Индусы-ростовщики в Бухаре

Jul 05, 2012 10:39

Садриддин Айни. Воспоминания. - М.; Л., 1960.

Другие отрывки: Калоши казанского шитья, Страховой случай.





Бухара, Регистан. 1890-е

Здание медресе Олим-джон не было похоже на традиционные постройки бухарских медресе, и его хозяин вначале не предполагал, что здесь разместится учебное заведение. Раньше этот дом принадлежал одному богачу по имени Олим-джон, превратившему его впоследствии в медресе. В первом и втором этажах находилось всего десять больших келий, разделенных перегородками на жилые комнатушки.

Первый этаж медресе был построен из жженого кирпича, а второй - из дерева.
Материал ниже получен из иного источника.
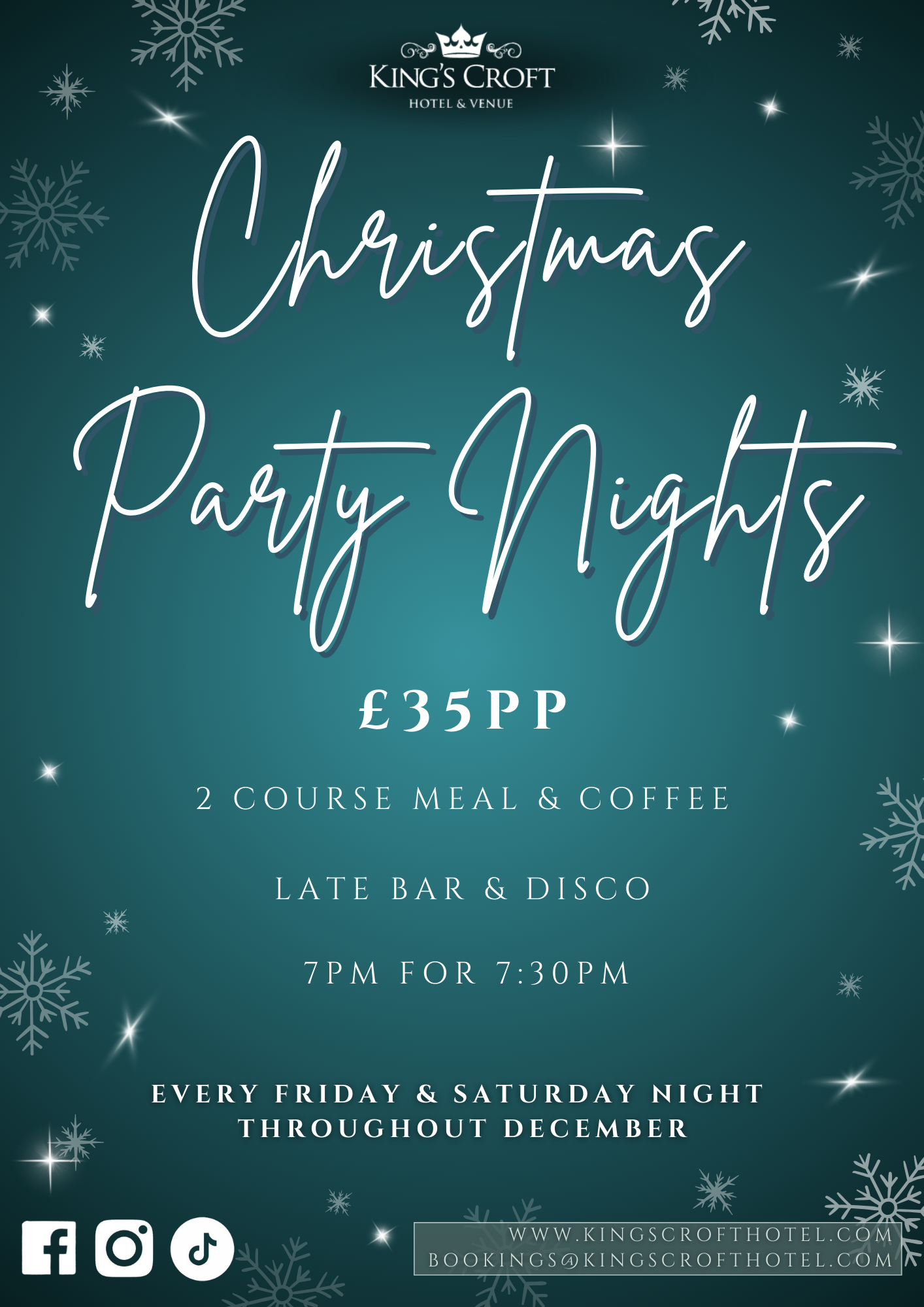 Christmas Party Night - Friday 6th December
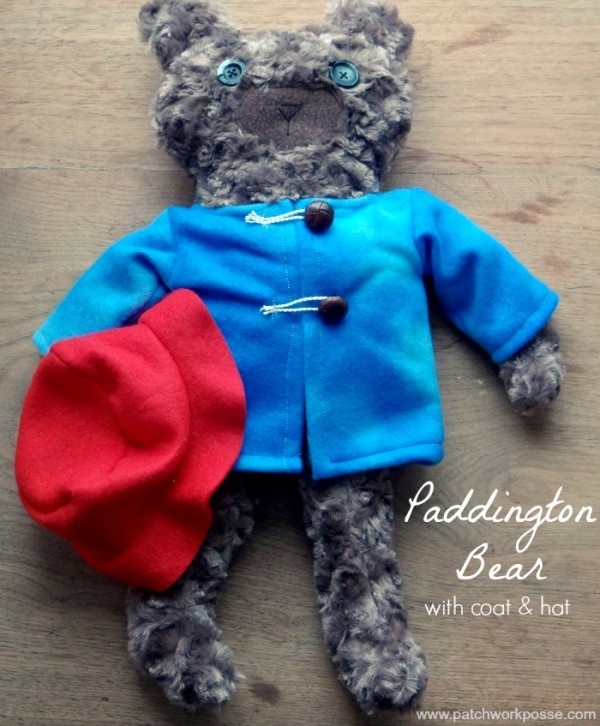 Free pattern: Paddington Bear softie, with his hat and coat 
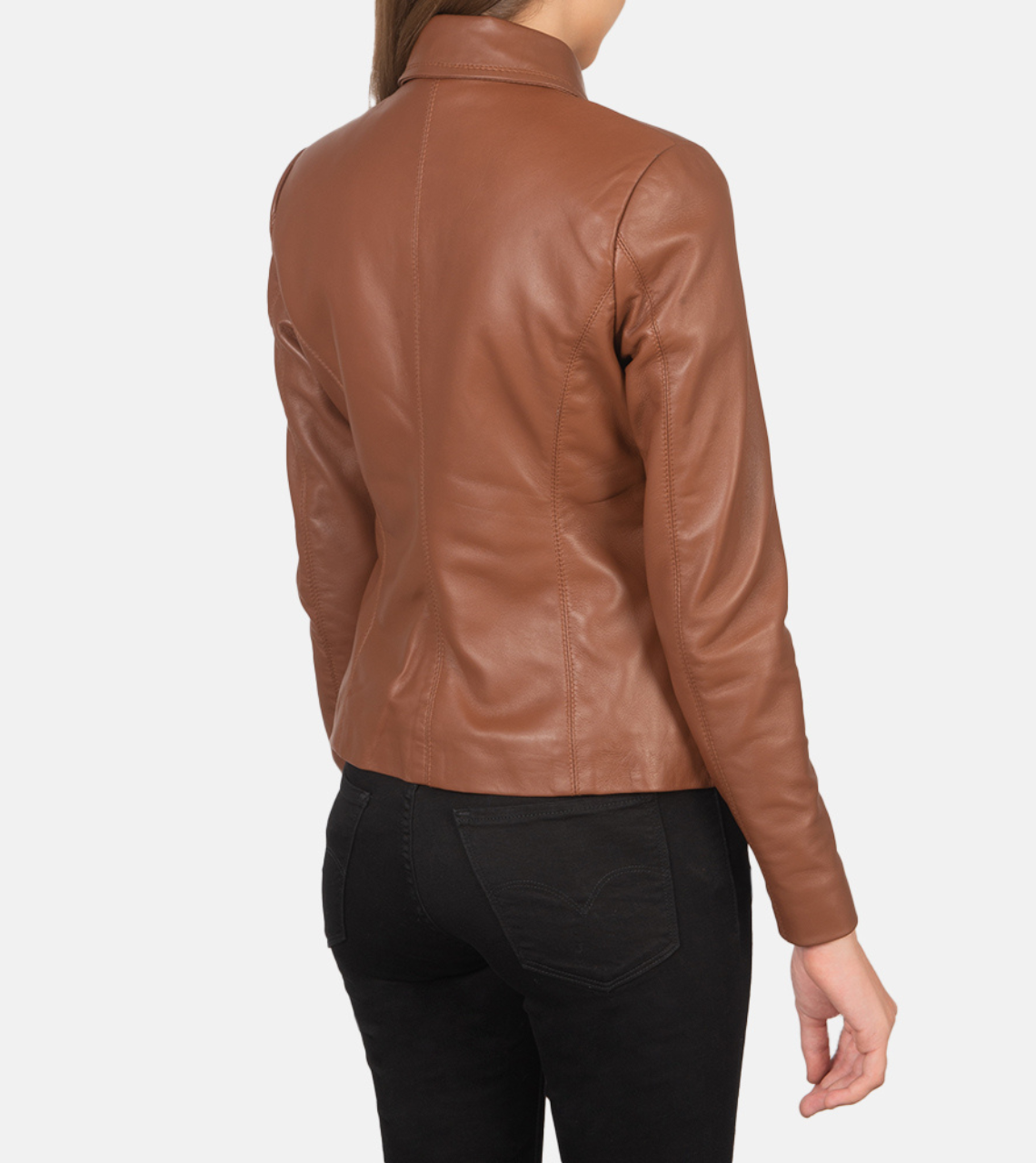 Cotextras Brown Women's Leather Jacket Back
Перед нижней террасой возвели стену и устроили там мечеть, а одну из верхних террас превратили в классное помещение.

Жилые кельи медресе Олим-джон были темные и тесные, подобно курятникам, а мечеть и классное помещение - длинные и узкие, наподобие прохода между домами. Перед нижними кельями, выходившими на север, находилась терраса, здесь даже в ясный солнечный день ничего нельзя было ни видеть, ни читать.

Мои братья жили в первом этаже в одной из таких келий. Когда мне удалось устроиться подметальщиком, старший брат, как и в прошлом году, уехал на лето учительствовать в Керкинскую степь, а я с младшим братом остался в этом темном и тесном жилье.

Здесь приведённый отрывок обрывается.